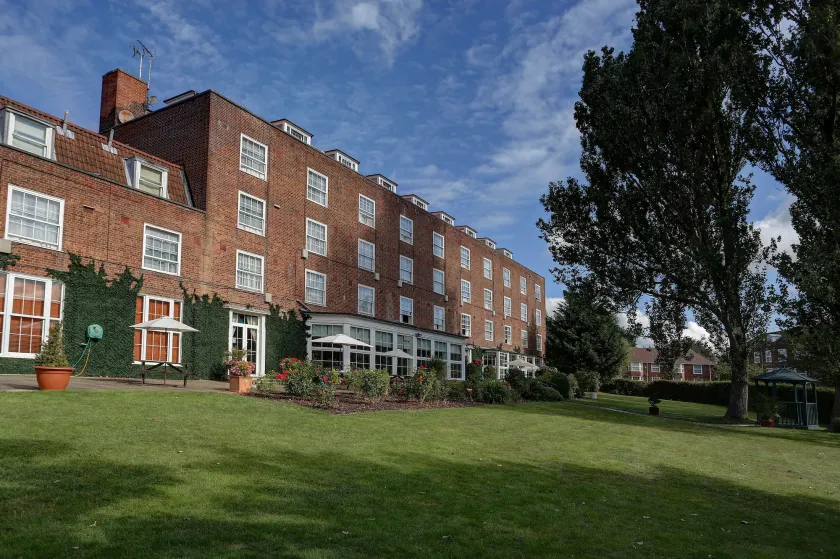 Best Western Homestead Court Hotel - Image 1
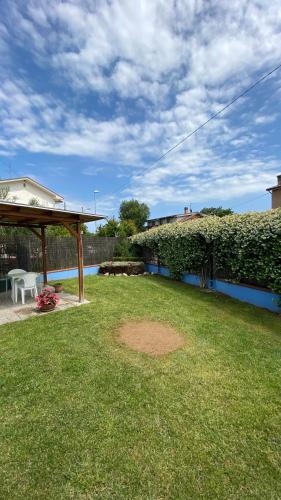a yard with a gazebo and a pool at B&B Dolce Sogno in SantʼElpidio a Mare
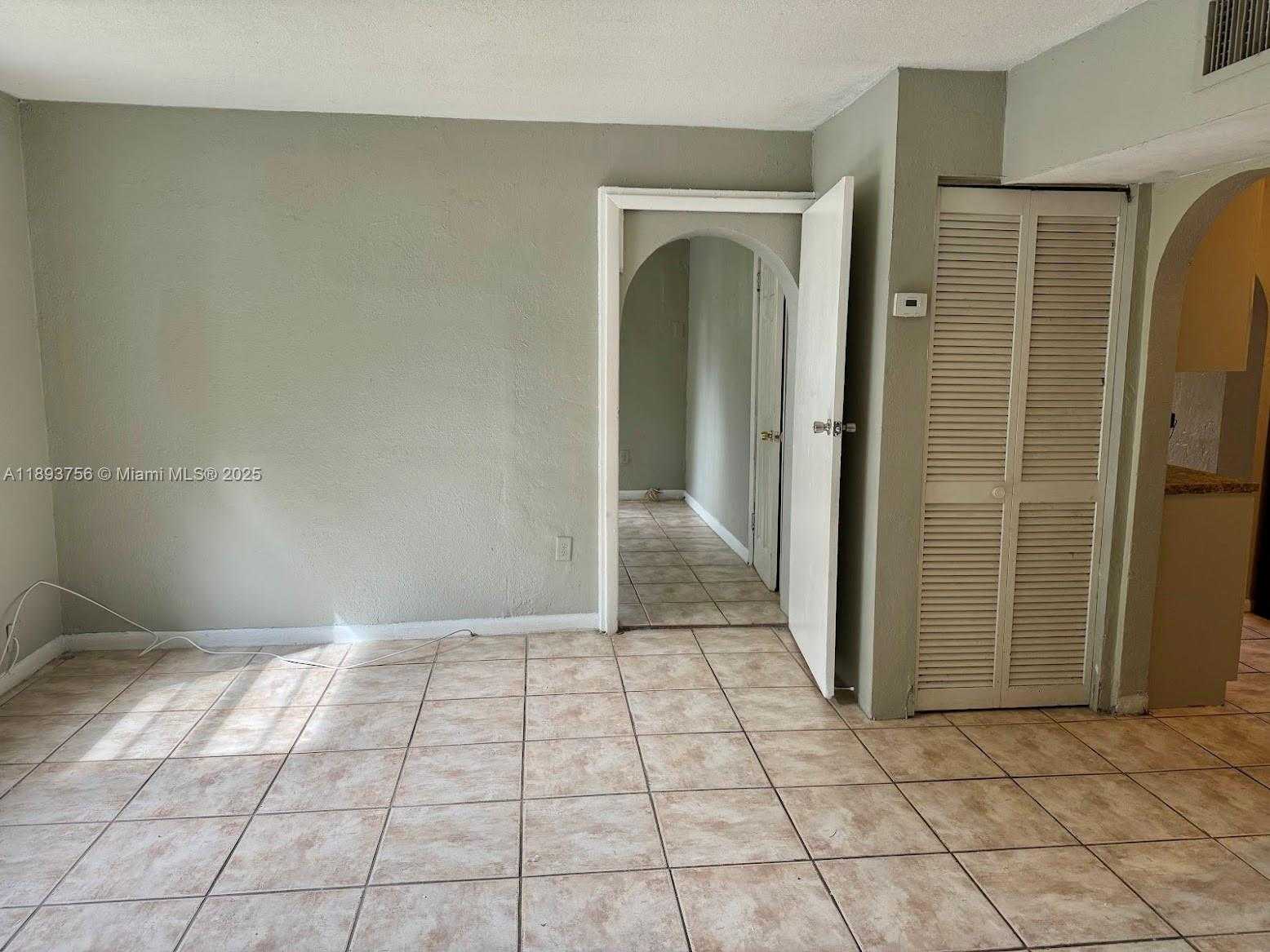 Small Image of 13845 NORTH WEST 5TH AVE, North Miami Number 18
━━━━━━━━━━
• ACTIVITY
Leave the images aside and retype each line of the listing above exactly.

• SOLUTION
 Best Western Homestead Court Hotel - Image 1
a yard with a gazebo and a pool at B&B Dolce Sogno in SantʼElpidio a Mare
 Small Image of 13845 NORTH WEST 5TH AVE, North Miami Number 18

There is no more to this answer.